I was actually hoping to send Bytes directly as individual 1’s and 0’s, to compress the amount of data being sent. I’m unsure of how to turn Hex into Bytes though. Looking at the Bytes class it seems there is no way to create a Bytes variable from Hex though, or even 0’s and 1’s.

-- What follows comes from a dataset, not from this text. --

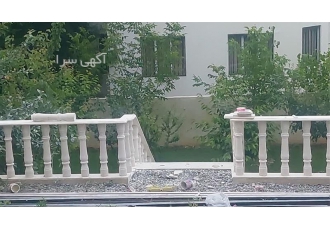 فروش سایبان و حفاظ ساخت پارکینگ فلزی پارکینگ فلزی سایبان محوطه در کلاردشت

http://api.haxe.org/haxe/io/Bytes.html

I’m looking at sending Hex to the server. Here AB denotes a Move instruction, then 00001 is the ID, 00050 is the X position, 00100 is the Y position:

  1. AB-00001-00050-00100
  2. AB000010005000100->Bits: 10101011000000000000000000010000000000000101000000000000000100000000
  3. Send to Server.
  4. Server converts Bits->Hex
  5. Server updates position based on packet.

openfl.utils.ByteArray is an interface for haxe.io.Bytes you could use as well for writing shorts, floats, ints, strings or bytes as you wish. For example:

byteArray.writeByte (0); // abstract enum value AB
byteArray.writeInt (1); // id
byteArray.writeFloat (50); // x
byteArray.writeFloat (100); // y

Just pay attention to the endianness of the server and your byteArray

For an abstract enum, you could use something like:

@:enum abstract ServerCommand(Int) from Int to Int {
    
    var AB = 0;
    ...

}

That way you can use an ordinary enum in your Haxe code, but when you send it to the server, you can read or write it as an ordinary Int

Awesome tutorial!

Would it be possible to create one for UDP as well?